The glider’s ribcage took shape over the winter of 2015/16 and then the fabric was stretched across it. After two months, the featherlight (20-kilogram) glider was completed. What then? Weren’t the researchers tempted to climb on board and take a running jump off the nearest hill? “Certainly not!” says Rosemann. “This is the glider with which Lilienthal crashed!”
So the researchers placed the fragile vehicle in the wind tunnel for their purely scientific investigation, and a life-size dummy in the pilot’s harness. Lilienthal’s “double” is even dressed like him: vest, knickerbockers, and knee-length argyle socks. Everyone steps outside the tunnel and the wind is switched on. Rapt, they gaze at the displays. These are magical minutes – a pioneering feat in a time machine.
Lilienthal reputedly flew in headwinds of up to 36 km/h. “Our glider should be able to manage that,” says Rosemann. But no one knows for certain. The German Hang Gliding Association once put a Lilienthal reconstruction on a dynamometer to generate headwind, and a wing spar promptly snapped. So the men in the control center are very careful to increase the wind to five, then six meters per second very gradually.
Curve charts appear as a monitor transmits the image from inside the tunnel. Rosemann is silent. He only reacts once the wind has been switched off at the end of the first test series, and then he’s euphoric. “Fantastic! That’s fantastic!” The team rushes down to inspect the glider. Has anything worked loose? No, everything is fine. So: more wind, more load. The robotic arm turns the 6.7-meter wings more steeply into the wind, lowers and turns the glider, simulating different flight movements. They turn up the wind again. Eight, nine meters per second.

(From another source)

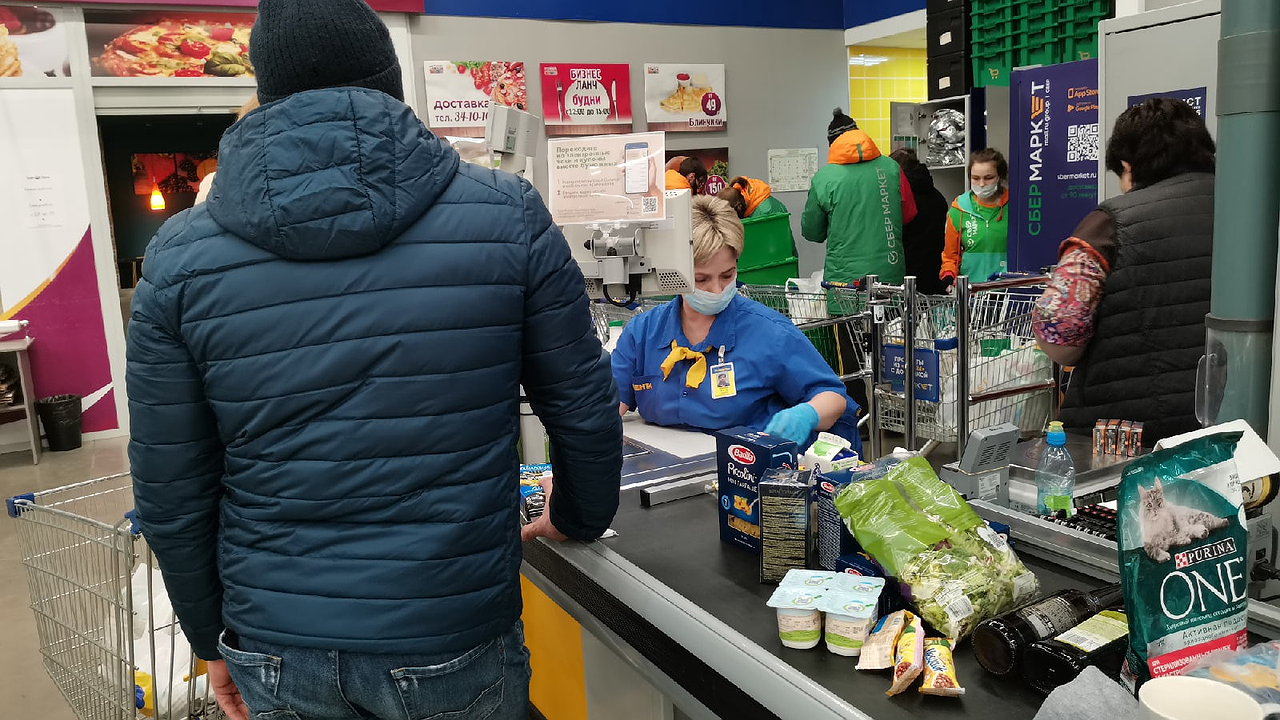 Главная картинка новости: Знакомая-продавец научила избегать 4 ловушки для покупателей в Пятерочке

The tailplane flutters, then flaps wildly to and fro. But Rosemann just says calmly, “It’s looking good.” Soon, the wind reaches 10 meters per second (36 km/h), the maximum load Lilienthal had to cope with. The glider passes the test and the experts are pleased. “The apparatus was absolutely perfectly designed, it is intrinsically stable.“ Intrinsically stable aircraft automatically regain their balance after gusts of wind or steering errors, which is an important requirement for safe flying. This means that a design error was not the cause of Lilienthal’s fatal accident. Back at his institute, Rosemann analyzes other data and soon identifies the glider’s limitations: “When the nose angle is too steep, the glider becomes uncontrollable.” It looks likely that this, triggered by an upwind, caused the crash. “Given the weather conditions on that day, Lilienthal should never have taken off,” Rosemann says. He is sure that the glider is otherwise safe to fly, and that sets him and his colleagues dreaming. “We had never planned an actual flight, but these results make it feasible.”
No one has yet been selected to actually fly the ancient glider, but there is no dearth of candidates, as Rosemann says: “Test pilots have been contacting us from all over the world.”